* What needs to be done *
As the answer, give exactly the lines of the records below from the one with "Hello friends, welcome" through the one with "As you guys", ends included and pictures left out.

* Dataset entries *
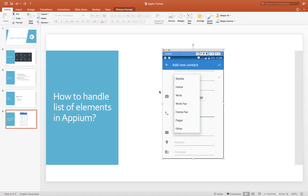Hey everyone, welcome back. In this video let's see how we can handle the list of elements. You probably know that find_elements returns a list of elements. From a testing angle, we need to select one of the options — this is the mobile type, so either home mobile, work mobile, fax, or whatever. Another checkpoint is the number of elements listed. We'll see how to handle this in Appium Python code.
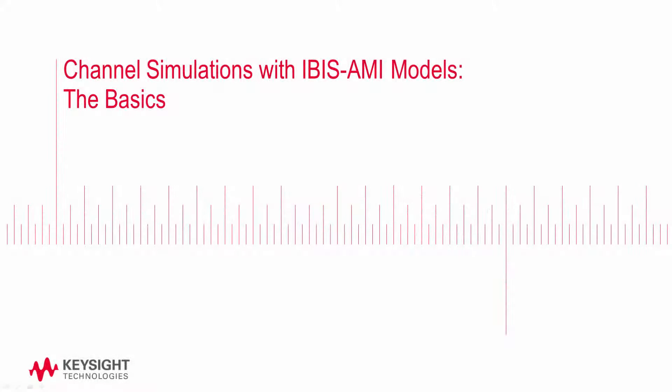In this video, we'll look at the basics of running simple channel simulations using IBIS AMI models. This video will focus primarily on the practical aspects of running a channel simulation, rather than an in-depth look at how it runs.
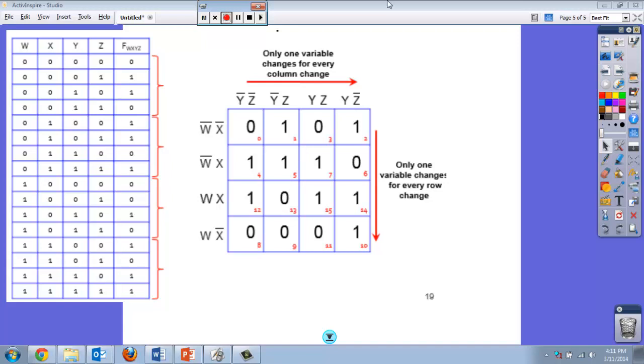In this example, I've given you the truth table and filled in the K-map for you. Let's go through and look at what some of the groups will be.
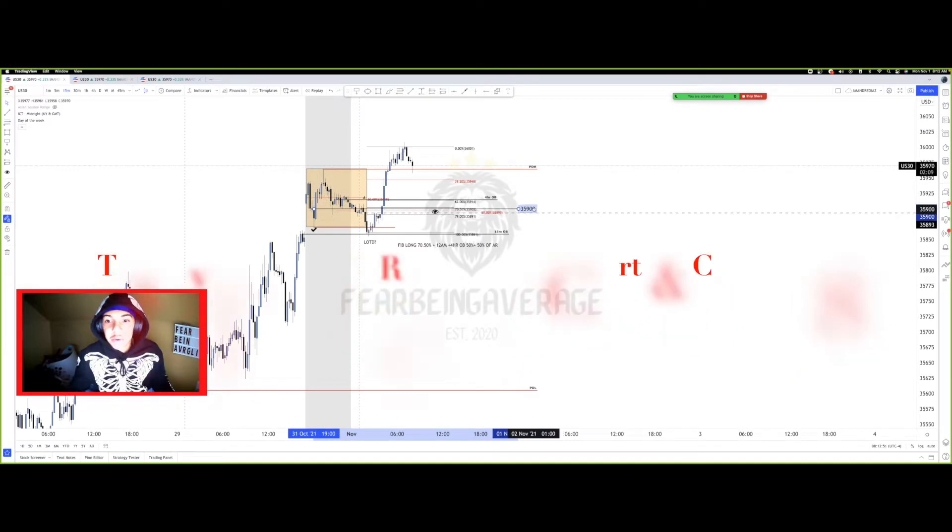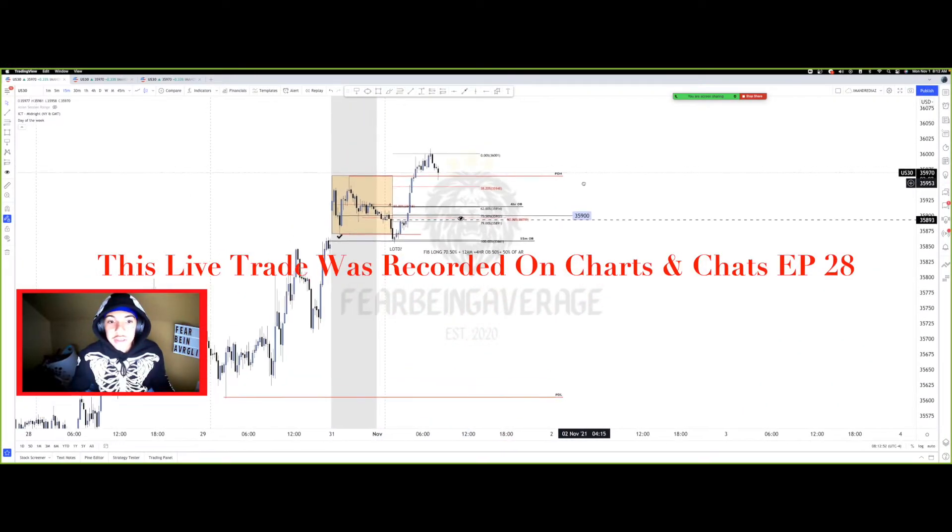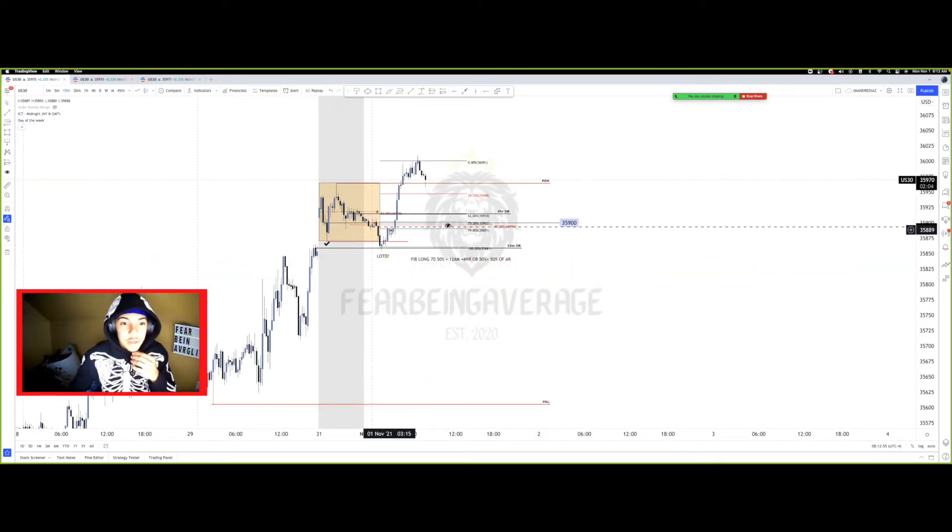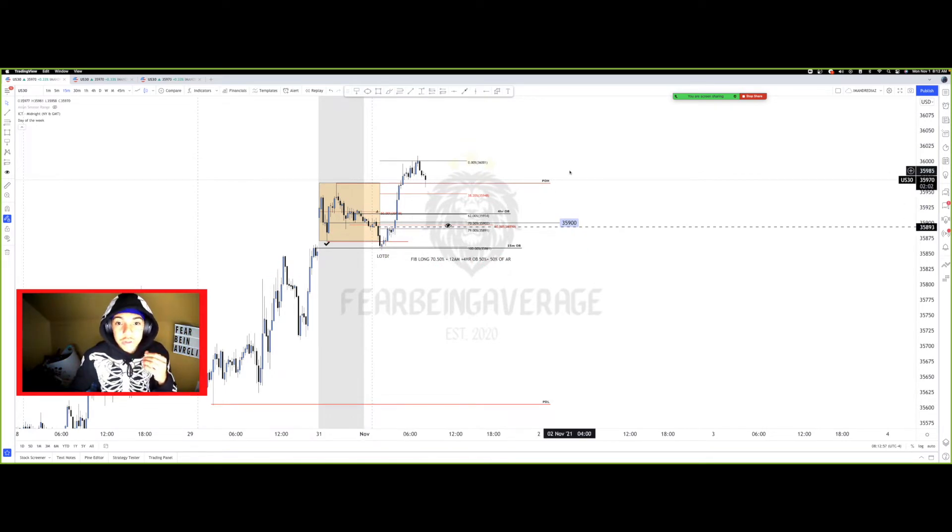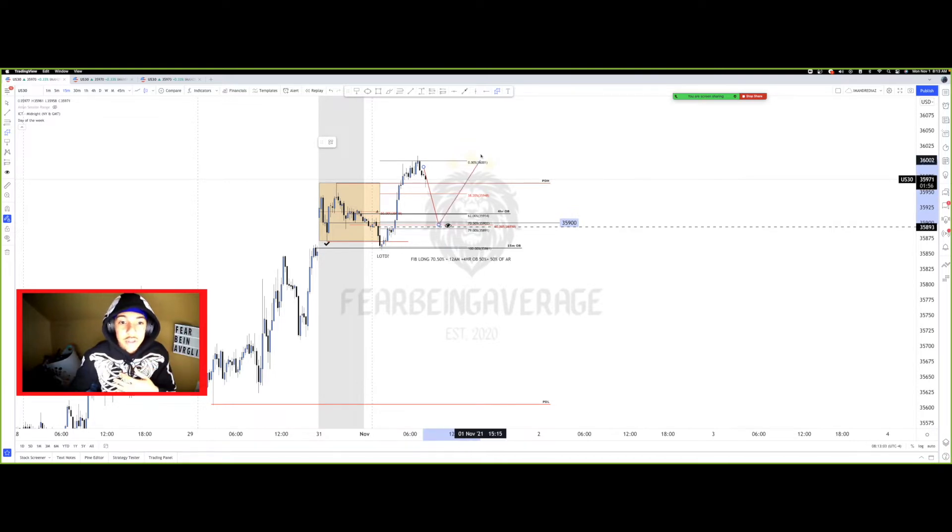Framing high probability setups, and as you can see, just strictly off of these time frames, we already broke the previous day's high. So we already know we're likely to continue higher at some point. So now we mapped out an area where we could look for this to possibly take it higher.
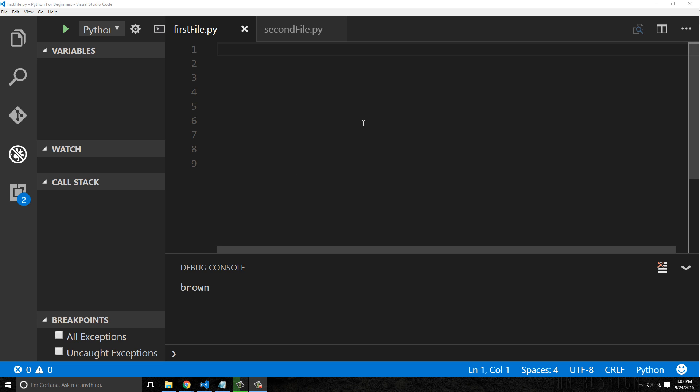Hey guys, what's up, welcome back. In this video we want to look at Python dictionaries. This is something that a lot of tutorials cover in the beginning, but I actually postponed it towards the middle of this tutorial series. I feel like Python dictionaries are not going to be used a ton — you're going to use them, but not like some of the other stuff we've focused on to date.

==

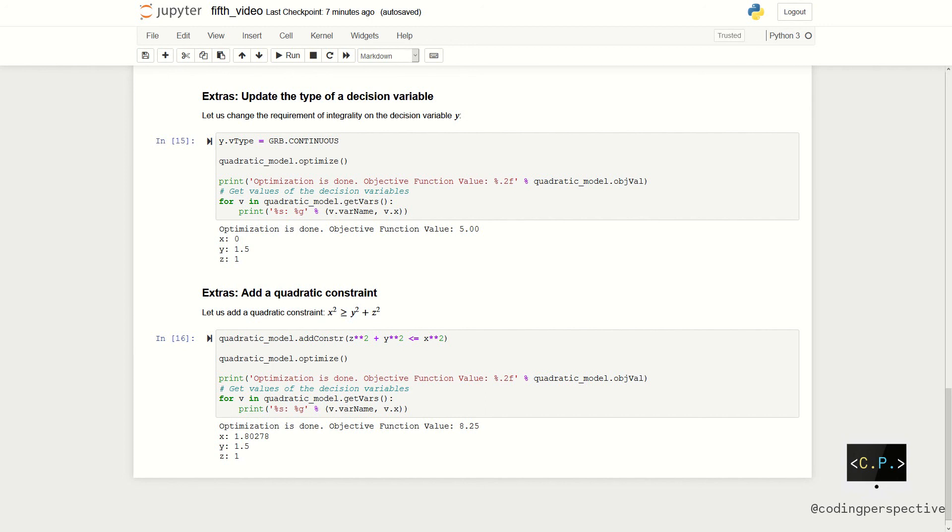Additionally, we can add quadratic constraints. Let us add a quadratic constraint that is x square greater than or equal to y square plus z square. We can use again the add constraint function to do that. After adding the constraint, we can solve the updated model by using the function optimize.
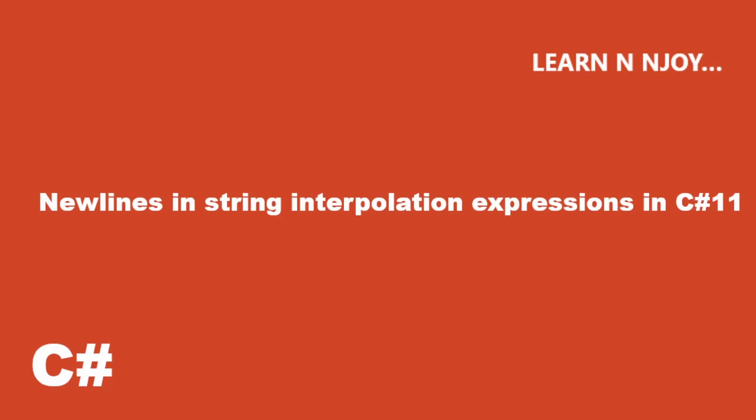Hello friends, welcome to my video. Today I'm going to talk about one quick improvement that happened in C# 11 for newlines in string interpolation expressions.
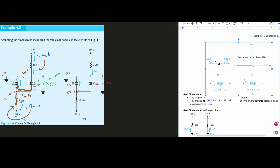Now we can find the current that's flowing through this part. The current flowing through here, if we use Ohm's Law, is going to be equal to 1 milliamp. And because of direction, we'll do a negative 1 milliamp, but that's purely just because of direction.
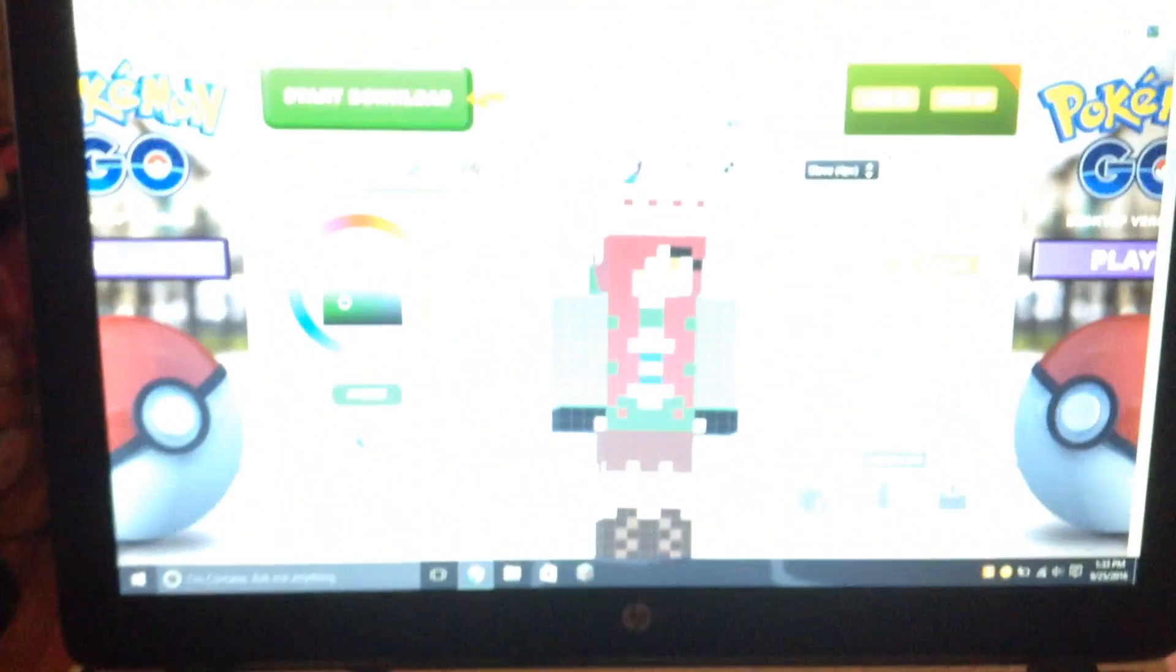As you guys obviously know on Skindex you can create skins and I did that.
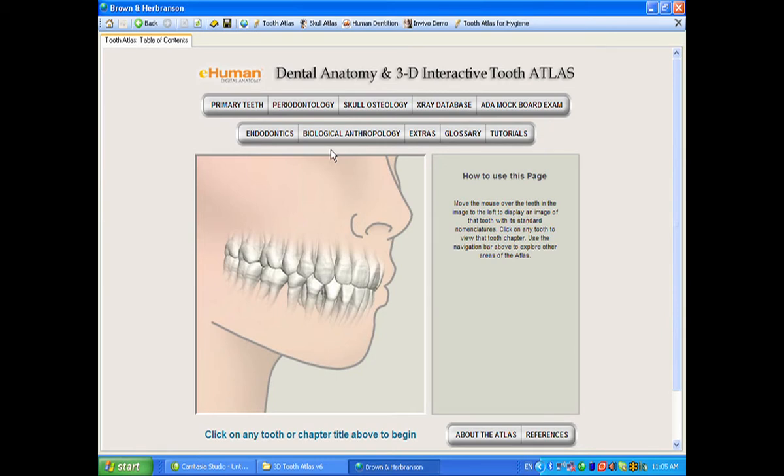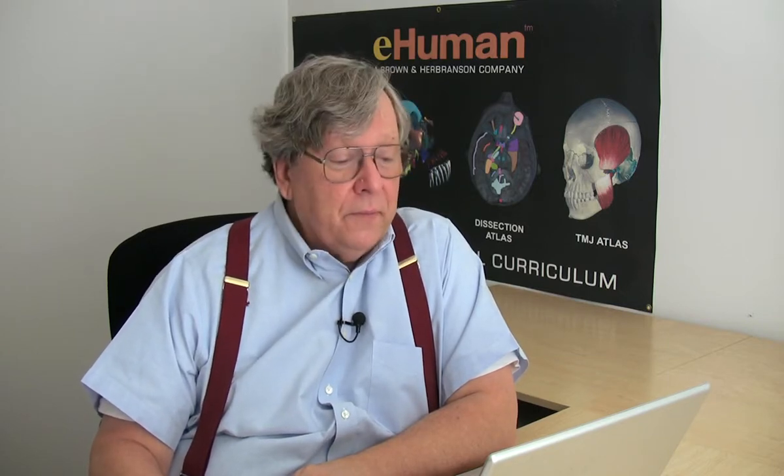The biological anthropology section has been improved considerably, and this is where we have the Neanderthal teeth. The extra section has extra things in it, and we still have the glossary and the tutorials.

* Answer below *
Hello friends, welcome to my video. Today I'm going to talk about one quick improvement that happened in C# 11 for newlines in string interpolation expressions.
Now we can find the current that's flowing through this part. The current flowing through here, if we use Ohm's Law, is going to be equal to 1 milliamp. And because of direction, we'll do a negative 1 milliamp, but that's purely just because of direction.
As you guys obviously know on Skindex you can create skins and I did that.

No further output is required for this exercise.